Миша достал из-под стола ремень. Перетянул плечо.
— Здесь в Каире люди хорошо об этом знают. Потому что живут у смерти за пазухой — на её землях. Сам подумай, как здесь не ставиться? Она ведь здесь повсюду — в мерзлой земле, в отравленной воде, в грязном воздухе. Каир её город. А Комбинат, которому ты служишь, — её жених. Так что недалеко ты от меня ушёл, Яровой. Тем более, ты ведь сновидец. А значит тоже с ней на короткой ноге. Так что, может, наберешься смелости? Попробуешь вместе со мной? Смелее, Лин. Бросься в пропасть. Она понесет тебя на руках. Узнаешь, наконец, что такое истинный танец со смертью. Поверь, святоша… Попробовав, ты уже не станешь прежним. Всё откроется разом. Ты увидишь, что здесь — на острие иглы — всё: и царство, и сила, слава. Всё в одном флаконе. Поэтому никто и не хочет бросать. Слишком хорошо, чтобы отказаться.

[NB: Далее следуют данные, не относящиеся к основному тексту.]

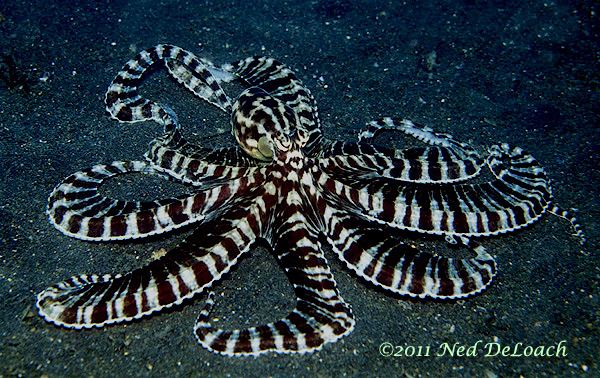 Mimic octopus The Mimic Octopus Part 1
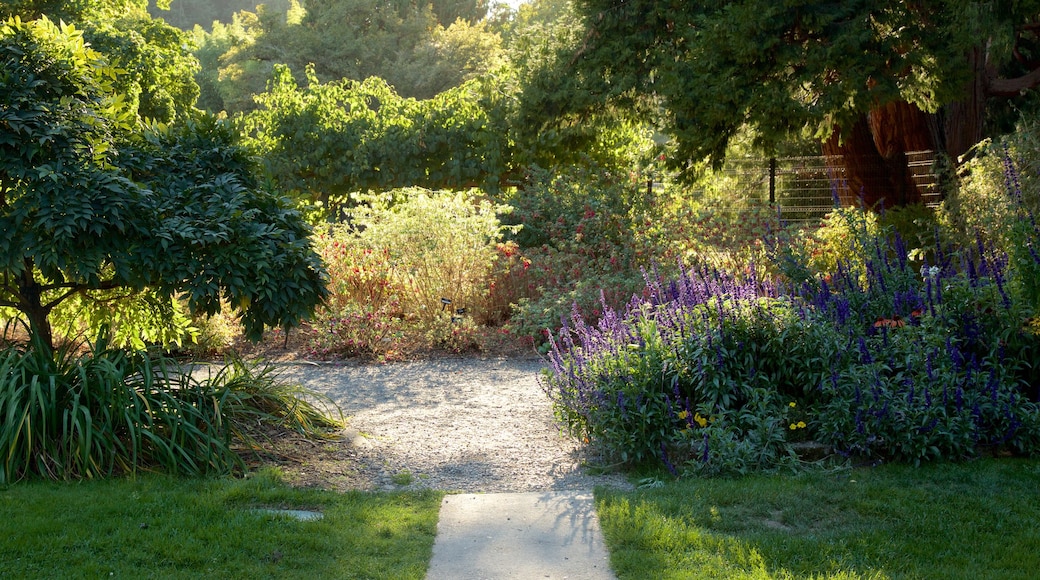 Point Defiance Park showing a park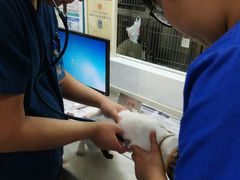-芭比堂动物医院(广州爱宠下渡路分院)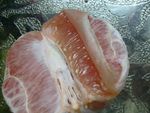 pamplemousse_6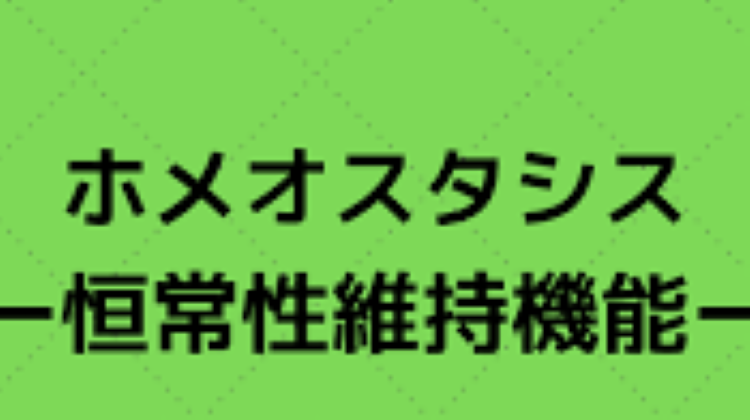 f:id:shiho196123:20190614172443p:plain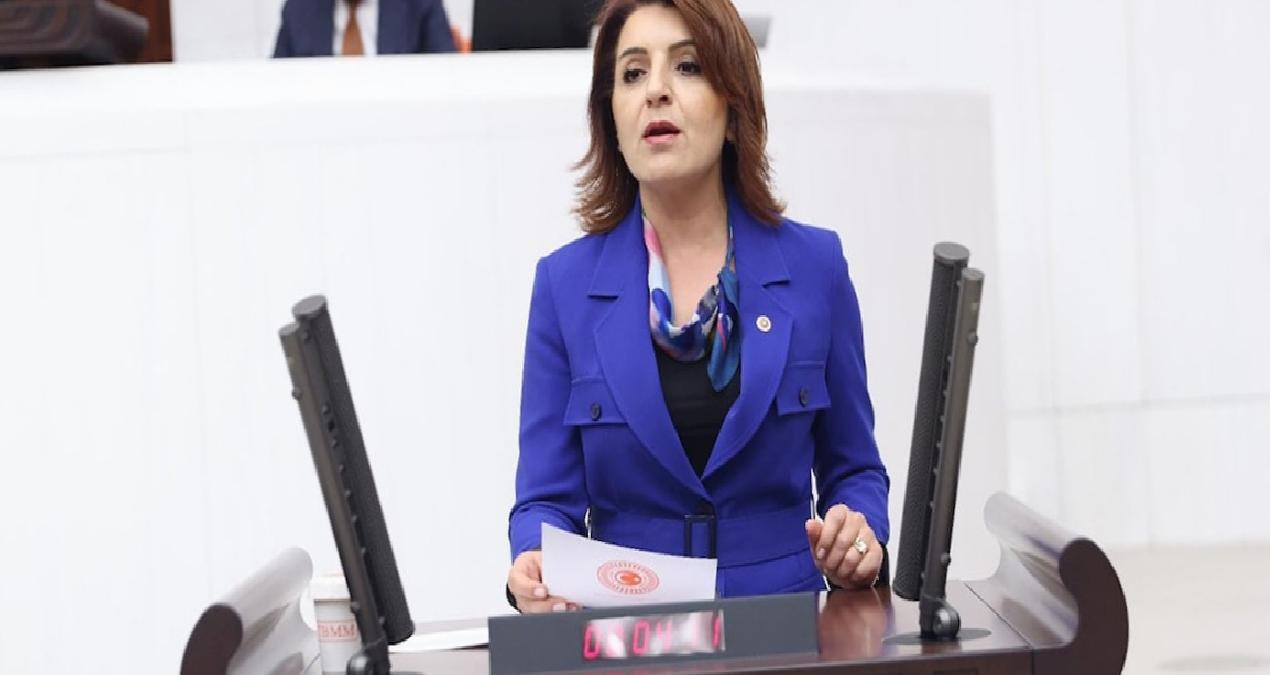 CHP’li Kış: Sarayın lüksü halkın geçim derdiyle ödeniyor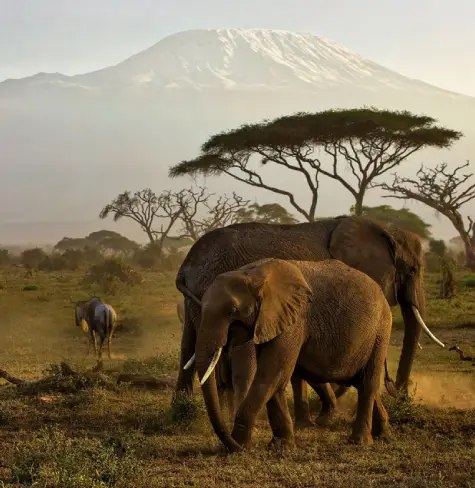 masia-mara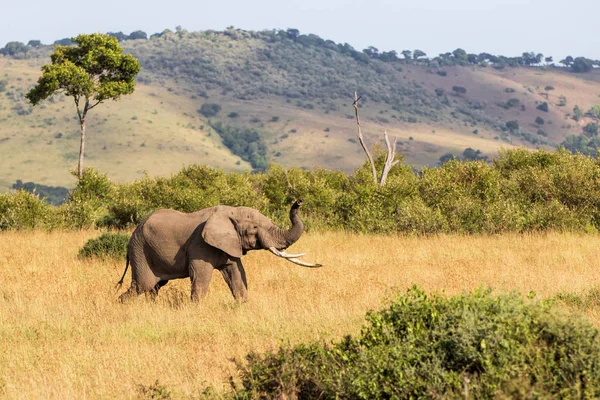 Kenya 'daki Masai Mara oyun parkında yürüyen fil boğası.
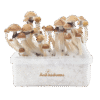 McKennaii Magic Mushroom Grow Kit kaufen | Extra Potent Zuchtset – FreshMushrooms®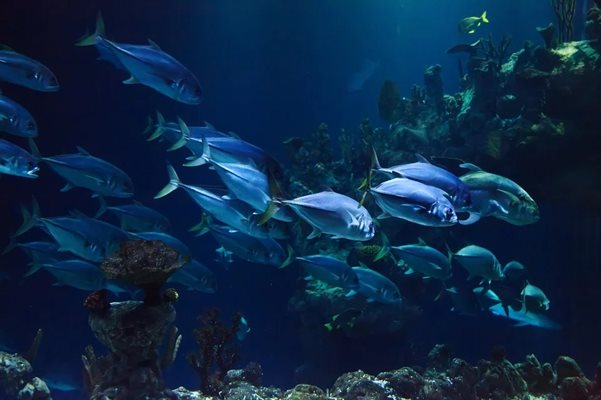Глобалното затопляне и замърсяването причиняват хормонални промени у рифовите риби и ги правят по-уязвими от атаките на хищници СНИМКА: Pixabay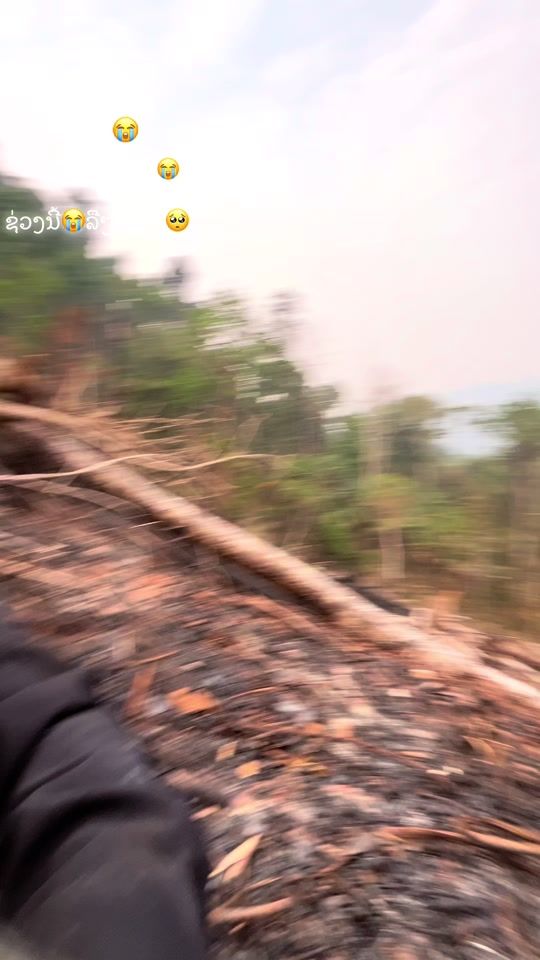 TikTok video thumbnail by seeva45
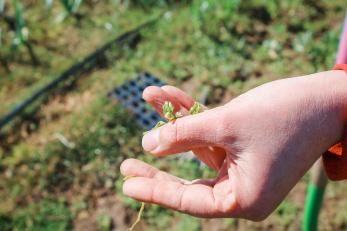 Michelle holds up an edible weed that is lining her leek garden – noting it’s one of her favorites to much on.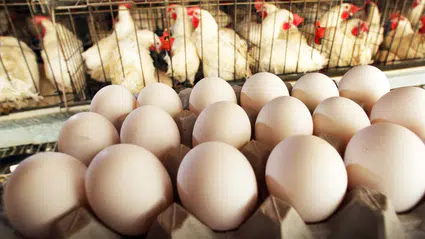 TÜİK verilerine göre tavuk üretimi artarken yumurta üretimi azaldı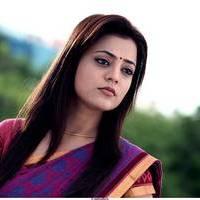 Nisha Agarwal Hot Saree Stills in Saradaga Ammayilatho Movie | Picture 513220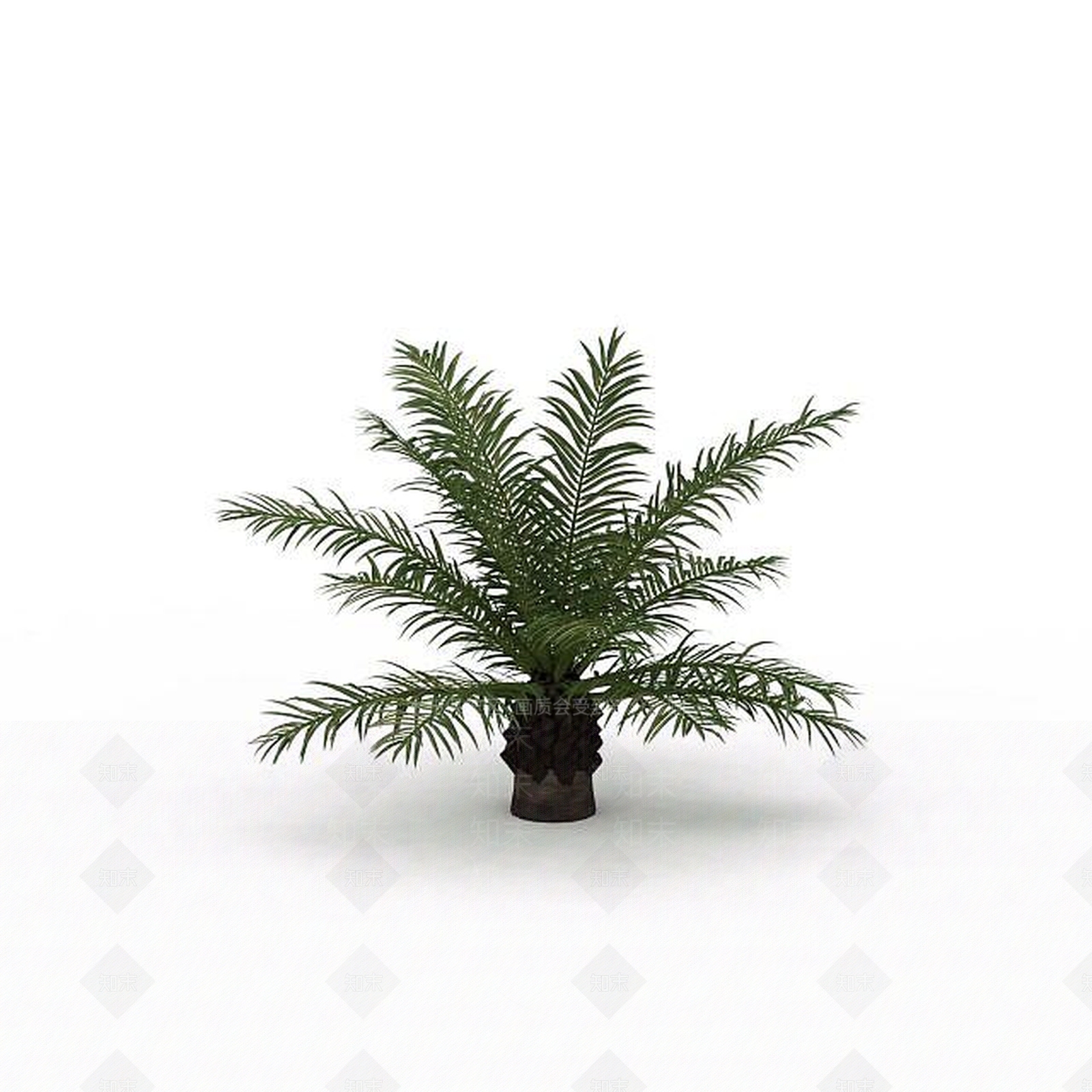 现代蕨类植物3D模型下载【ID:1199027466】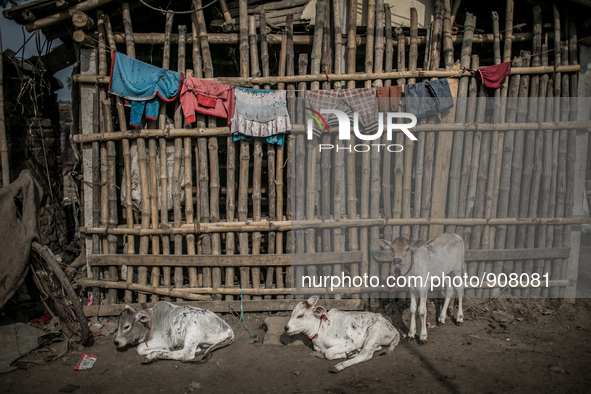 Cattles are taking rest at Dhapa waste dumping ground, Kolkata, India. January 20, 2015.  *** Go to http://nurphoto.com/en/reportages/51754...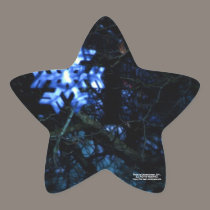 snowflake in blue, star stickers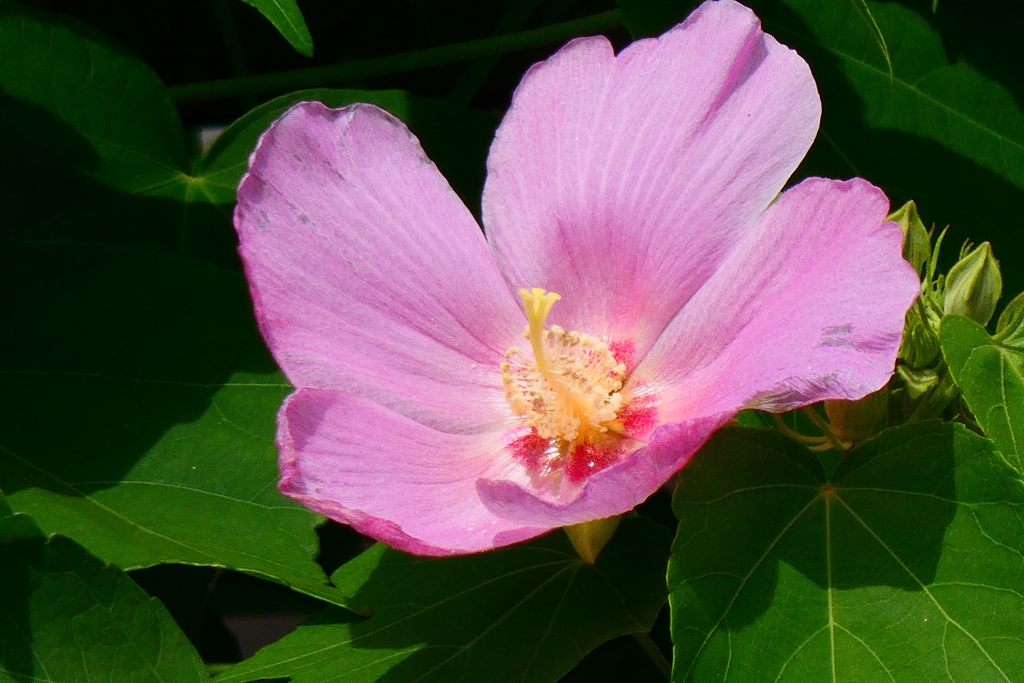ピンクの芙蓉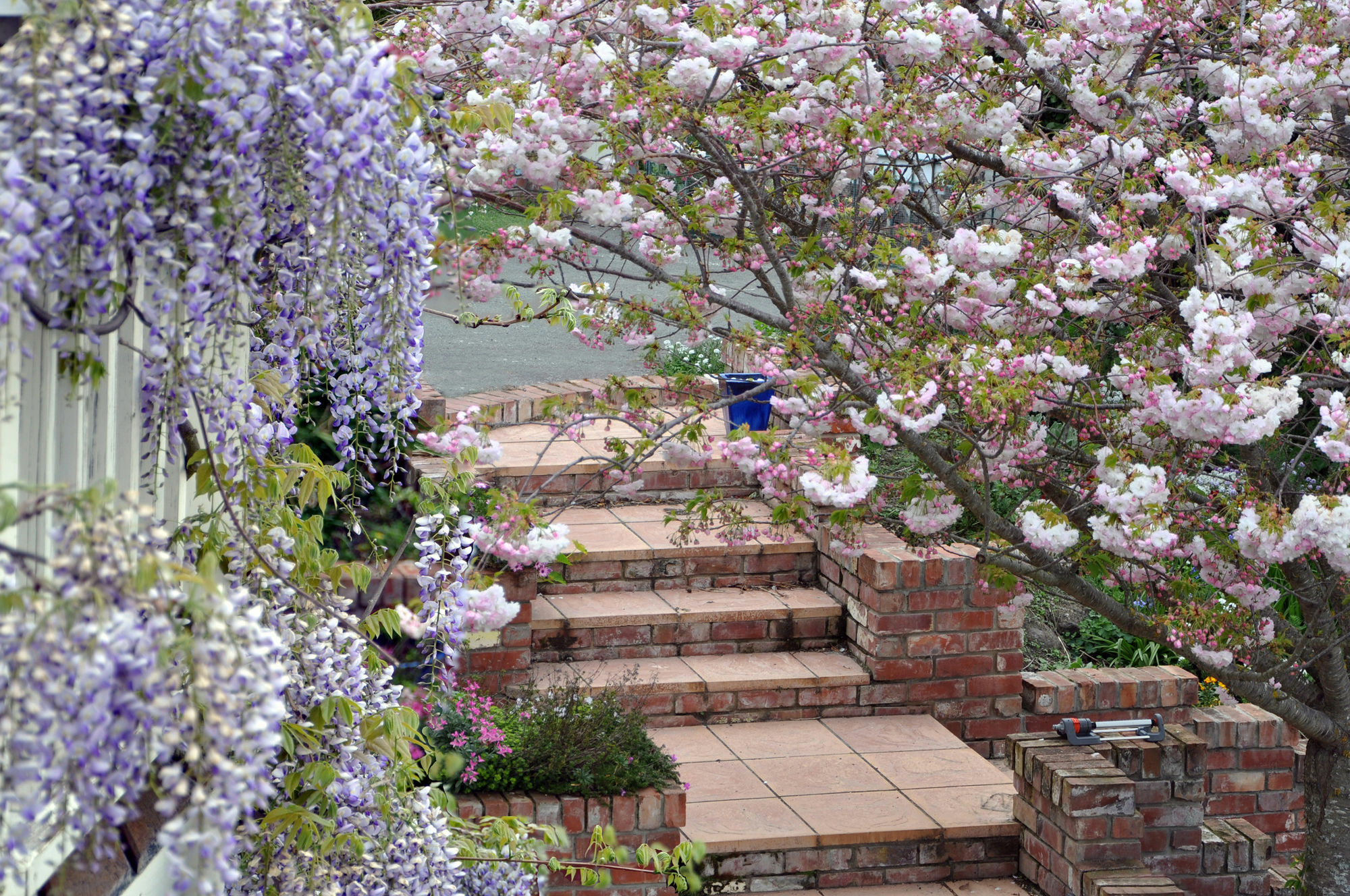 Bed and Breakfast Dyers House Christchurch Esterno foto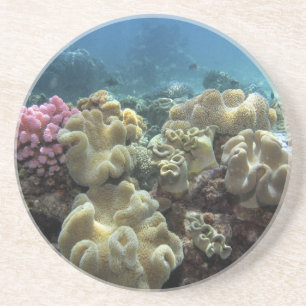 Dessous De Verre En Grès Corail, récif d'Agincourt, Grande Barrière de cora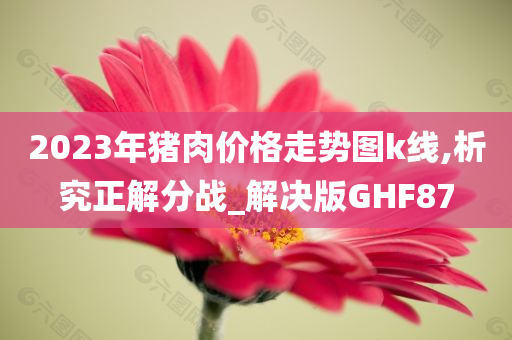 2023年猪肉价格走势图k线,析究正解分战_解决版GHF87今晚必出三肖2025_2025新澳门精准免费提供·精确判断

— Слишком страшно, чтобы взять, — ответил я, потушив сигарету.
Затем отодвинул кружку с чаем, встал с табурета и направился в коридор. Миша засмеялся мне в спину.
— Дурак ты, Лин! Нам ведь нечего терять! Нечего! Однажды ты, наконец, увидишь, что все дороги ведут в пустыню — к древнему городу Кашроми. Сокрушителю людей.
— И всё же. Свои дороги я, пожалуй, поберегу. Спасибо за беседу, Миш. И за «легкие инструменты».
Стоя в прихожей, одной рукой я натягивал на себя ботинки, а другой сжимал в кармане сверток и серебряный крестик. Повторял мысленно: «Не введи во искушение… Не введи… Не введи…»
— Всё равно однажды поймёшь, — донесся голос Миши из кухни. — И Богом клянусь: это случится раньше, чем хозяйка придёт к тебе. Ты придёшь к ней сам, Лин. Так же, как я. Так же, как многие в этом городе. Ты всегда ходил по острию. Придёшь и к этому.
— Надеюсь, ты ошибаешься, — тихо произнёс я, застегивая пуговицы пальто свободной рукой.
Взгляд скользнул по гитаре, что стояла в углу коридора. Порванные струны. Покрытая толстым слоем пыли дека. Эту гитару давно никто не брал в руки.
«Врёшь ты всё, приятель. В твоей пустыне не осталось никакой музыки».
— Лин, — вновь раздался голос из кухни.
— Пока ты не ушёл, могу я тебя кое о чем попросить?
Я прикусил губу. Выругался мысленно.
Несколько секунд из кухни не раздавалась ни звука. А затем Миша произнёс:
— Когда игла меня заберёт, позаботься, пожалуйста, об Элли. Мне больше некого просить. Не хочу, чтобы она умерла от голода.
Его голос на секунду будто бы изменился. Стал слабым, но вновь живым. Я вспомнил, что Элли — это кличка овчарки.
— Хорошо, — ответил после недолгого молчания. — Заберу.
— Обещаю. Я возьму собаку, когда это произойдёт.
— Спасибо… А теперь ступай. Мне уже пора, кости болеть начинают. Ещё увидимся обязательно. На той стороне или на этой…. — голос Миши стал совсем тихим, — Впрочем, не думаю, что есть разница. Теперь-то уж точно нечего терять.
Я открыл дверь и прежде, чем вышел в подъезд, услышал, как на кухне чиркнула зажигалка.
С любовью, Лин Яровой. Норильск, 2020.